O 41: Poster Session I (Semiconductor Substrates: Epitaxy and growth; Semiconductor Substrates: Adsorbtion; Semiconductor Substrates: Solid-liquid interfaces; Semiconductor Substrates: Clean surfaces; Oxides and insulators: Epitaxy and growth; Oxides and insulators: Adsorption; Oxides and insulators: Clean surfaces; Organic, polymeric and biomolecular films - also with adsorbates; Organic electronics and photovoltaics, Surface chemical reactions; Heterogeneous catalysis; Phase transitions; Particles and clusters; Surface dynamics; Surface or interface magnetism; Electron and spin dynamics; Spin-Orbit Interaction at Surfaces; Electronic structure; Nanotribology; Solid/liquid interfaces; Graphene; Others)

O 41.6: Poster

Tuesday, March 23, 2010, 18:30–21:00, Poster B1

Aluminium induced facetting of Si(113) studied by SPA-LEED and AFM — Inga Heidmann¹, •Moritz Speckmann¹, Tobias Nabbefeld², Claudius Klein², Michael Horn-von Hoegen², and Jens Falta¹ — ¹Institute of Solid State Physics, University of Bremen, 28359 Bremen — ²Experimental Physics, University of Duisburg-Essen, 47057 Duisburg

Due to its anisotropy and lack of rotational symmetry the Si(113) surface is a candidate for the growth of low dimensional structures like nanowires. Though it is one of a very few stable high-index silicon surfaces, Si(113) appears to be unstable against facetting after adsorption of metals, e.g., Ga [1,2] or Ag [3].

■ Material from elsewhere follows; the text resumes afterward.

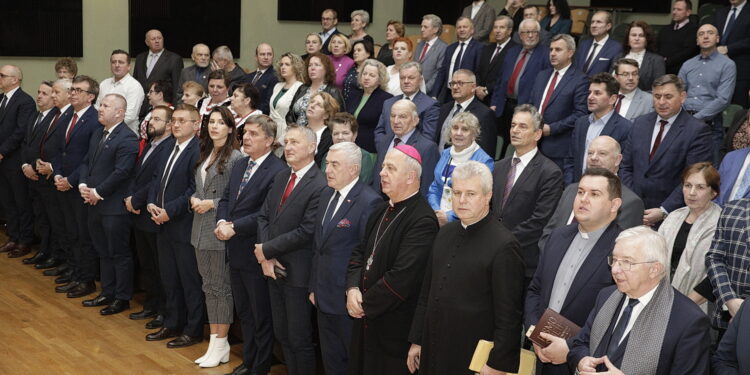 28.12.2022 Kielce. Zespół Państwowych Szkół Muzycznych. Spotkanie opłatkowe Prawa i Sprawiedliwości / Fot. Jarosław Kubalski - Radio Kielce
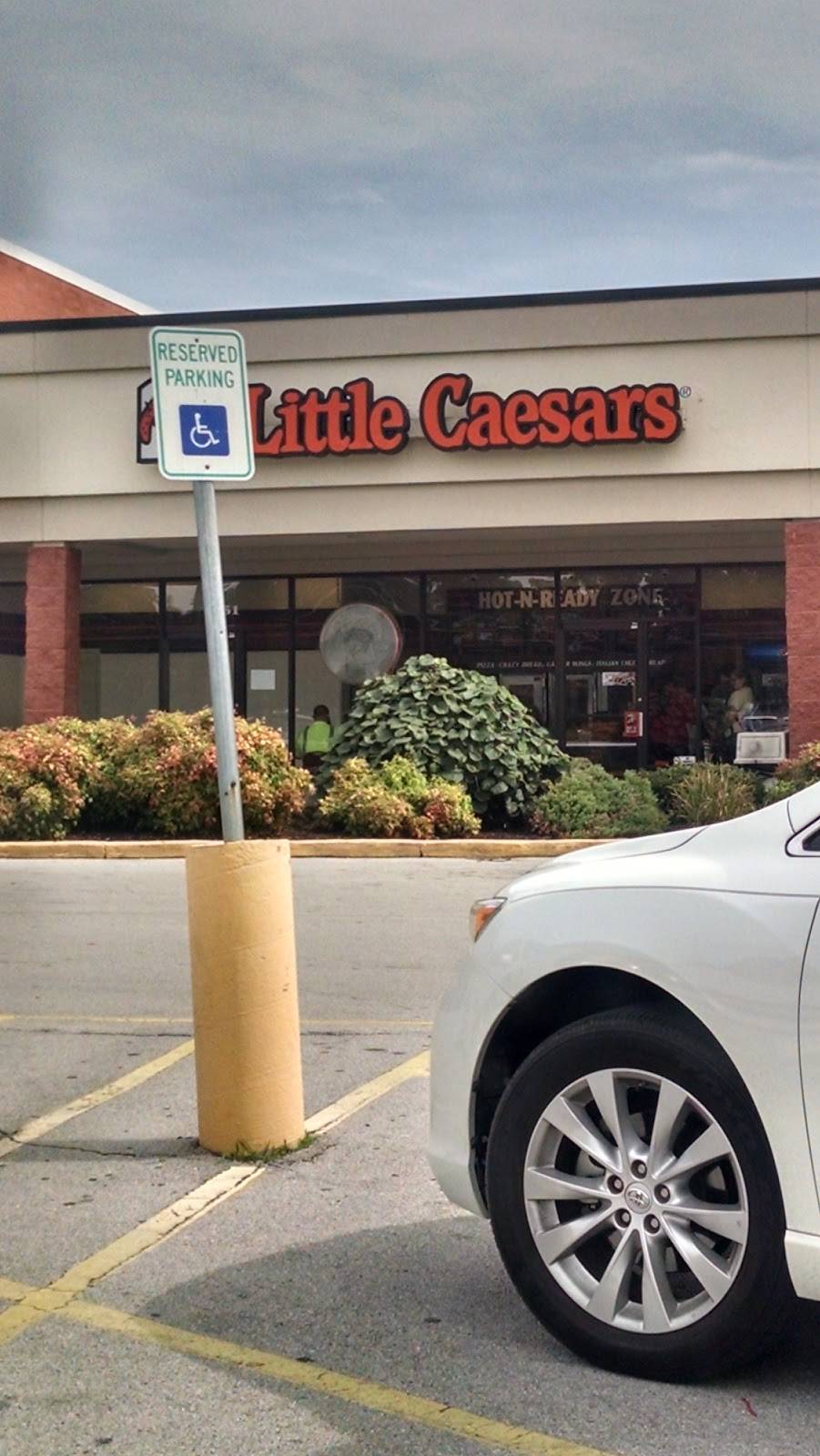 Little Caesars Pizza | meal takeaway | 151 Highland Square, Crossville, TN 38555, USA | 9314560533 OR +1 931-456-0533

By means of spot profile analysing low-energy electron diffraction (SPA-LEED) and atomic force microscopy (AFM) we analysed the Al adsorption on Si(113) in a temperature range of 600 to 800^∘C in dependence on both, the deposition temperature and deposition time. We find that Al, very similar to the adsorption of Ga, decomposes the Si(113) surface into a regular facet pattern along the [110] direction. This pattern consists of alternating (112) and (115) facets, which are (6×1) and (4×1) reconstructed, respectively. The width of the facets increases strongly with increasing deposition temperature. For temperatures above 750^∘C, however, only the (112) facets are found to be stable.
: H. Suzuki et al., Surf. Sci. 492, 166 (2001).
: T. Clausen et al., e-J. Surf. Sci. Nanotech. 3, 379 (2005).
: M. Speckmann et al., Phys. Status Solidi RRL 3, 305 (2009).